*What is required:*
After locating the line that contains "an office with", output that line and each one following it, exactly, to the end of the entries. No pictures.

+--

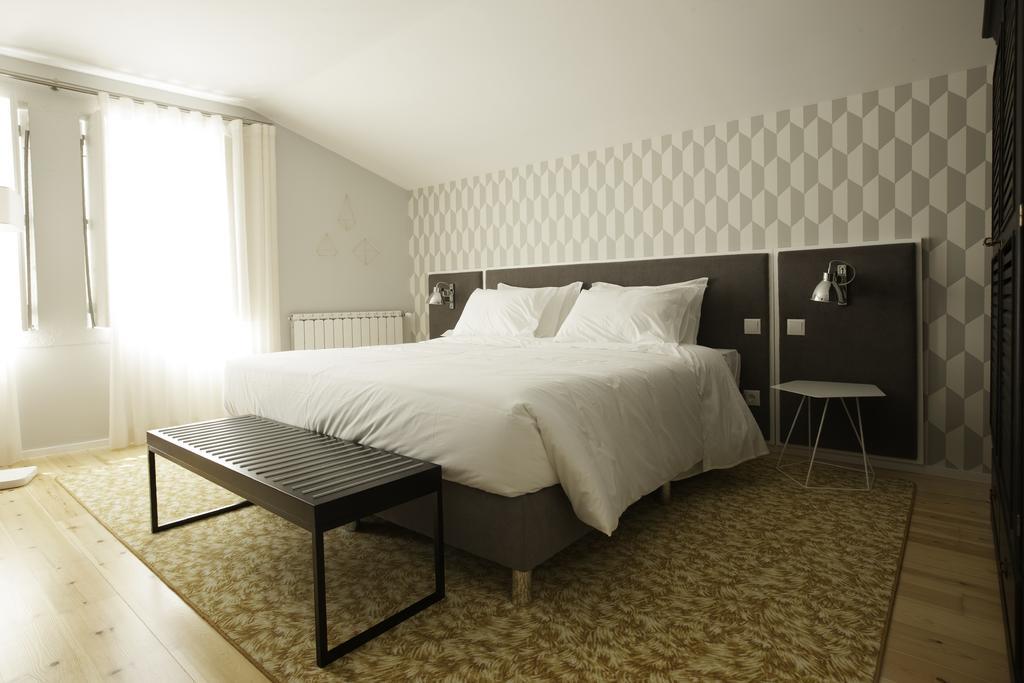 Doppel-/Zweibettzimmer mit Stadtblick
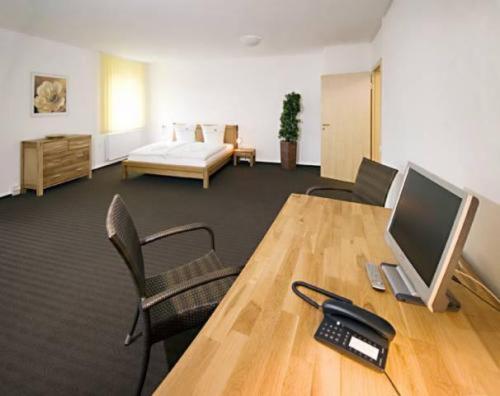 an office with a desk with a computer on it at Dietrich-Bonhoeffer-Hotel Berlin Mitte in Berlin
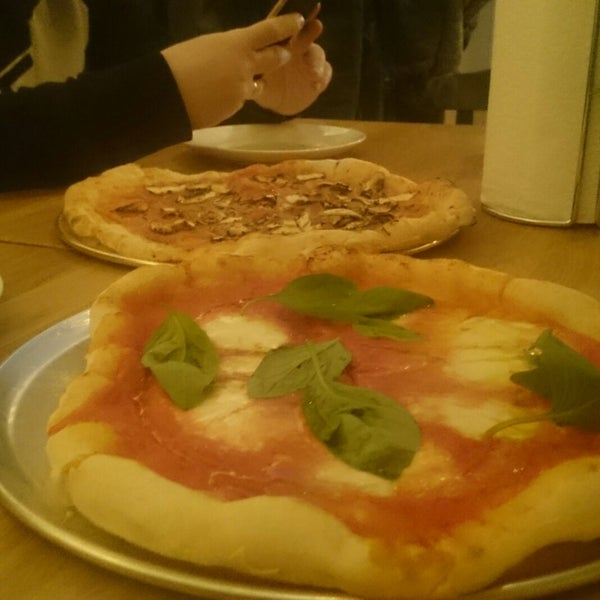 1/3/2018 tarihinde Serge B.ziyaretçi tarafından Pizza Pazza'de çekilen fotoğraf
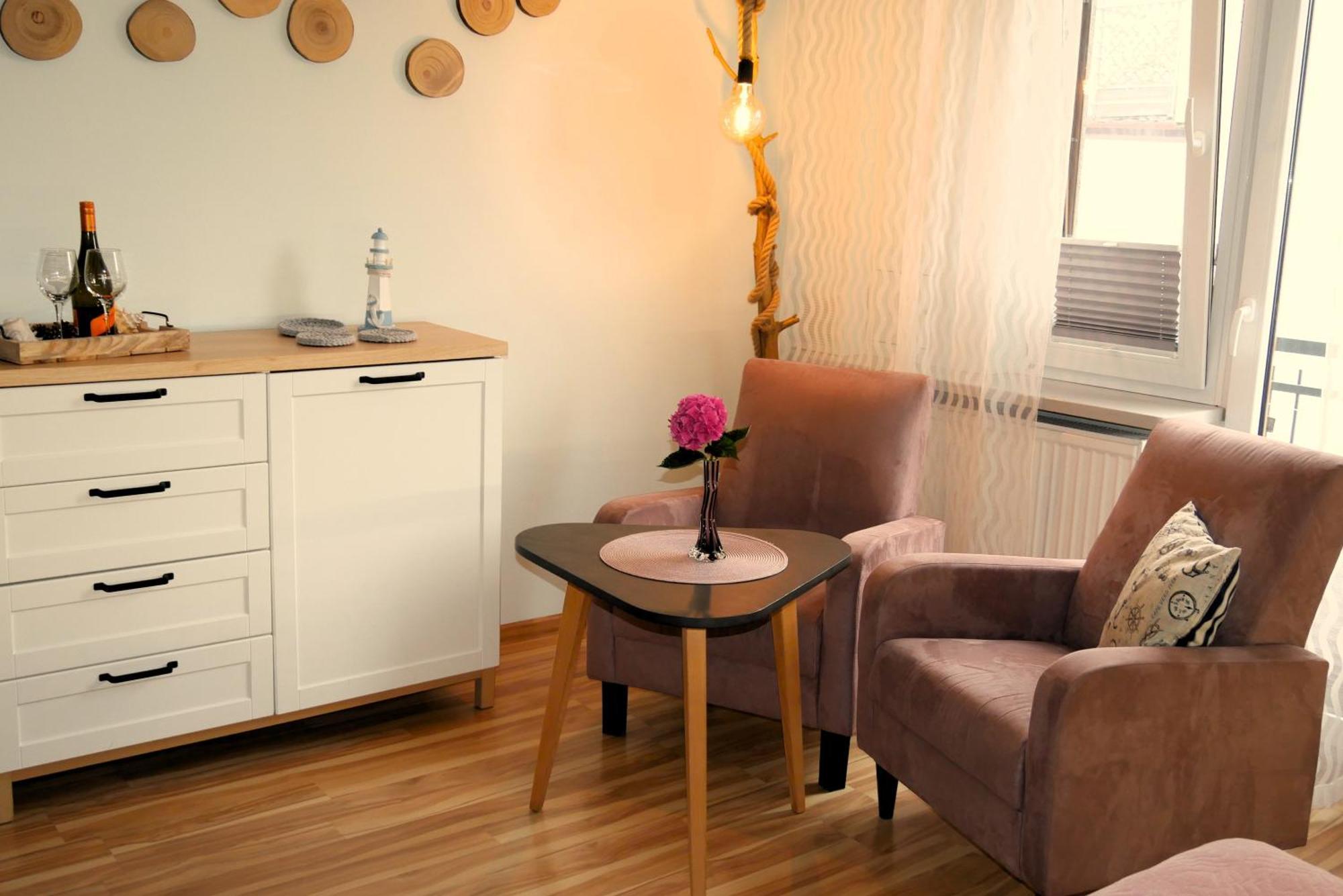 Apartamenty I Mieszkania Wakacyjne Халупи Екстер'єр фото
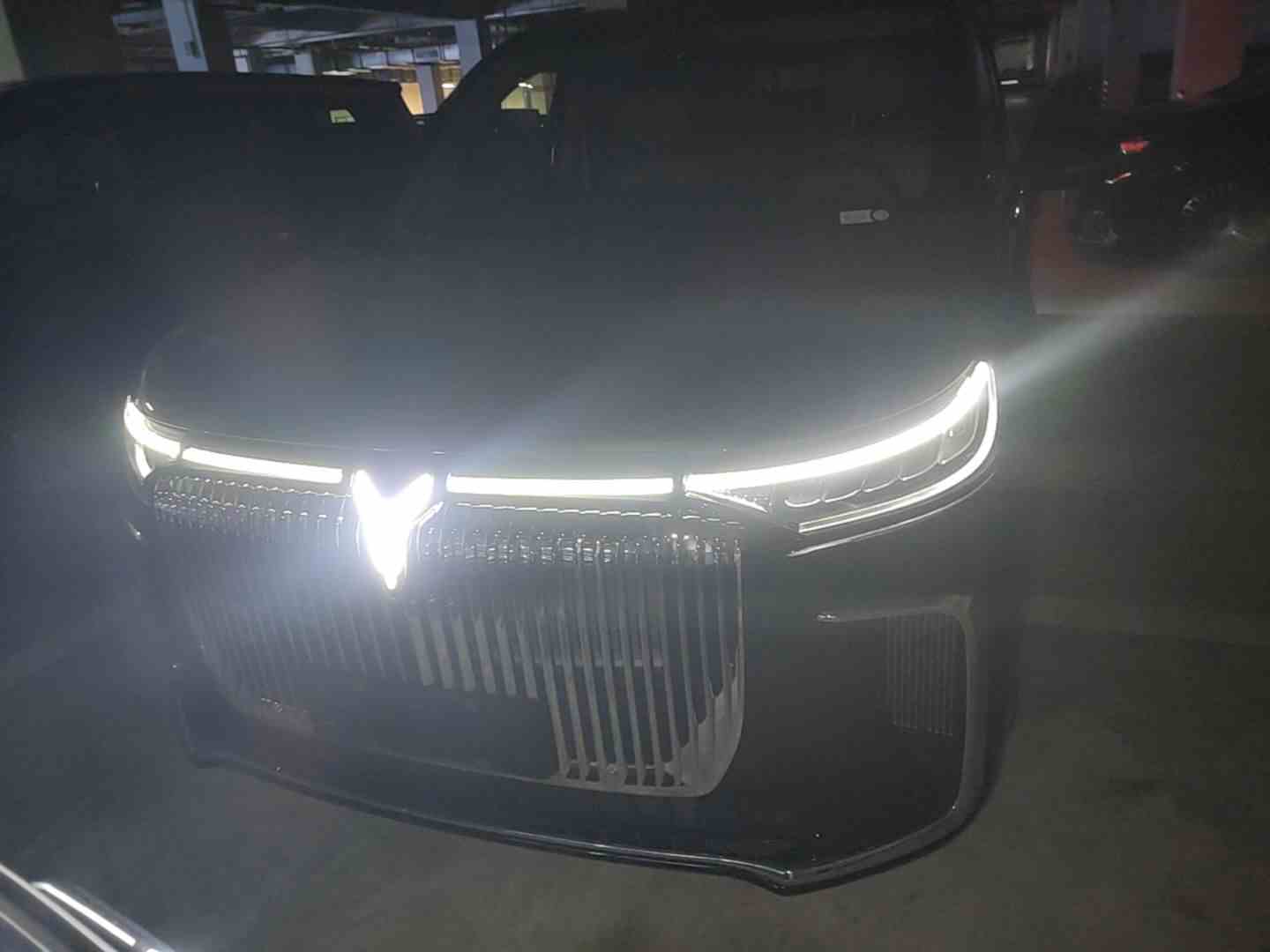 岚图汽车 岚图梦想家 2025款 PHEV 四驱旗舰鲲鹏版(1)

+--

*Answer to the problem:*
 an office with a desk with a computer on it at Dietrich-Bonhoeffer-Hotel Berlin Mitte in Berlin
 1/3/2018 tarihinde Serge B.ziyaretçi tarafından Pizza Pazza'de çekilen fotoğraf
 Apartamenty I Mieszkania Wakacyjne Халупи Екстер'єр фото
 岚图汽车 岚图梦想家 2025款 PHEV 四驱旗舰鲲鹏版(1)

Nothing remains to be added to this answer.